Mel with his parents Anne and Paddy

As I was ostentatiously sporting my camera I was pressed into service for some group photos. This one of Mel's parents, Anne and Paddy, made it to the current issue of the Longford Leader.

Anna Duignan

Mel had a special word of thanks to Anna Duignan, for her unfailing support, for her remarkable reserves of patience, and for her understanding of his desire to finish the book. Now that that is out of the way I think they'll be seeing a lot more of each other in the future.

Friday, February 16, 2018


Me with Joe MacAnthony
Photo: Anne Harris (thanks)
Click on any image for a larger version

Another book launch but a very special one as it turned out. The launch was in the RIA on 14/2/2018. The book was the second edition, seventeen years after the first, of Irish Media - A Critical History.

A second edition because:
Since the first publication of this book in 2001, the pace of change has accelerated dramatically, and has made the publication of a second revised edition particularly timely.

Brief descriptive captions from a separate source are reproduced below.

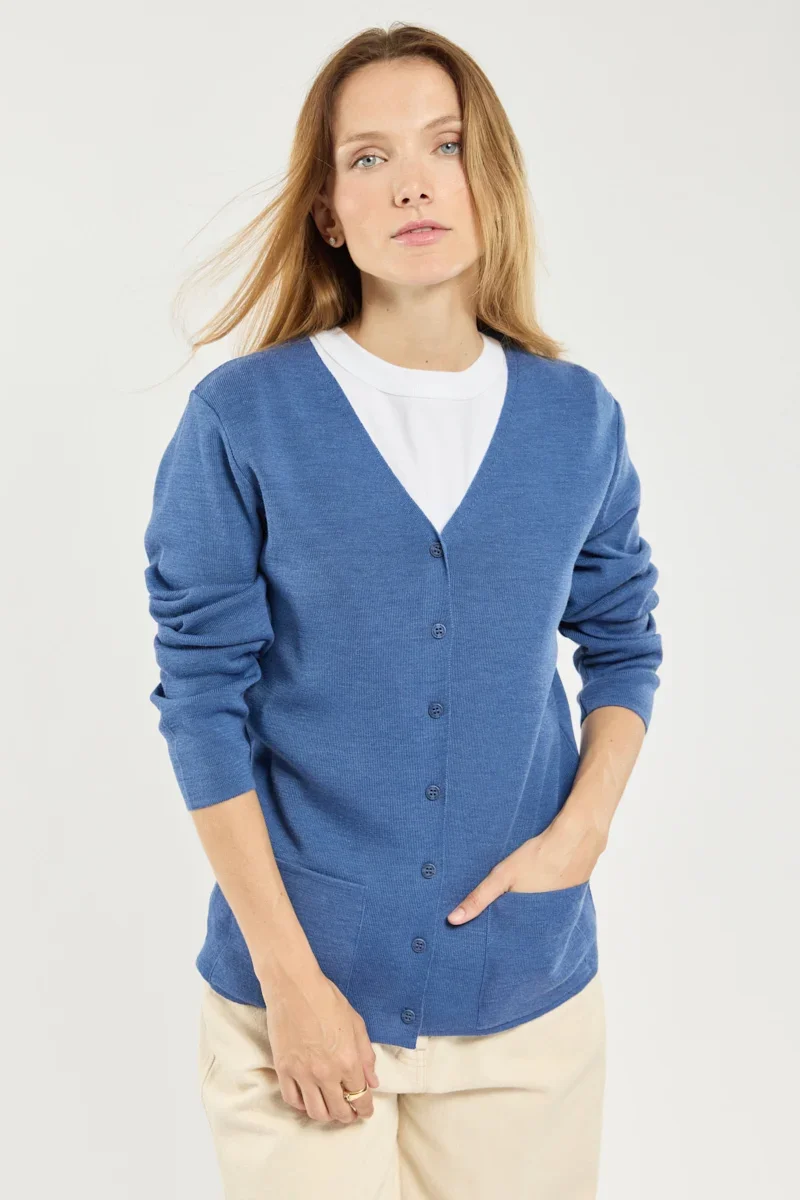 Original Design V-neck cardigan - wool and acrylic Expertly Made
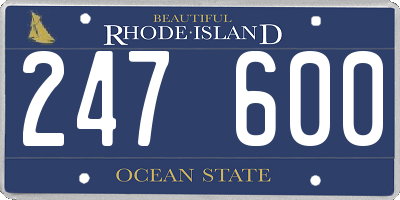RI license plate 247600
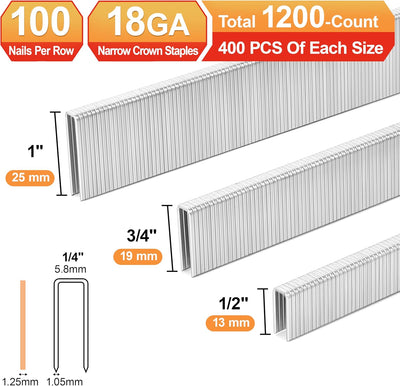 Grapas corona estrecha 1/4 pulg 18GA clavos 1200 pzas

The switch from analogue to digital, the growth of social media, the new dominance of mobile, the increasing dominance of aggregators like Google and Facebook, and accelerated patterns of mergers and acquisitions following the 2008 economic crash have all impacted drastically on the media landscape and have raised questions about the future to which few, if any, analysts or media managers have yet managed to construct answers.

The earlier edition was written by John Horgan alone. In this edition he partners with Roddy Flynn. Going on their individual remarks at the launch they seem to have been the dream team for this book.

John is emeritus professor at the School of Communications in DCU. He was the first press ombudsman in Ireland and prior to that had a distinguished career in journalism and politics. Roddy is a lecturer at the School of Communications in DCU, where he is chair of film and television studies. He has written extensively on Irish screen policy, with a particular focus on media ownership and media regulation.

Kevin Rafter

Kevin Rafter is the current head of the School of Communications in DCU, John's old job. He outlined the contribution the School is making to current Irish journalism.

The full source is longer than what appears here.